We are not prepared to go further than to allow compensation for services which were beneficial to the estate. Beyond that point we must throw the risk of his conduct on the assignee, as he was chargeable with knowledge of what might happen.


It does not appear how far the services to the assignee were beneficial. Therefore the questions of the circuit court of appeals connot be answered in full. But the principles as to which it desired instruction may be stated sufficiently for the disposition of the case upon a subsequent finding of facts. None of the claims is entitled to preference under the deed. The charge for the preparation of the assignment properly may be proved as an unpreferred debt of the bankrupt. The services to the voluntary assignee may be allowed so far as they benefited the estate, and, inasmuch as he would be allowed a lien on the property if he had paid the sum allowed, the appellants may stand in his shoes, and may be preferred to that extent. No ground appears for allowing the item for services in resisting an adjudication of bankruptcy. See Platt v. Archer, 13 Blatchf. 351, 354, Fed. Cas. No. 11,214; Perry-Mason Shoe Co. v. Sykes, 72 Miss. 390, 398, 28 L. R. A. 277, 17 So. 171; T. T. Haydock Carriage Co. v. Pier, 78 Wis. 579, 582, 47 N. W. 945; Clark v.

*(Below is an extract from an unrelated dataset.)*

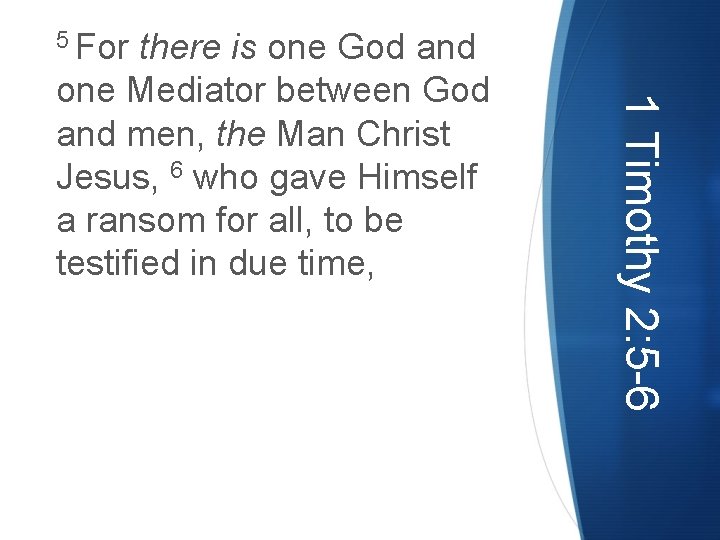 5 For 1 Timothy 2: 5 -6 there is one God and one Mediator 5 For 1 Timothy 2: 5 -6 there is one God and one Mediator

Sawyer, 151 Mass. 64, 23 N. E. 726.


We answer the questions as follows: (1) No. (2) Not under the deed, but, so far as the assignee would be allowed for payment of the claim, the claim may be preferred in the right of the assignee. (3) Not on the facts appearing in the certificate. (4) The charge for the preparation of the deed may be proved as an unsecured claim.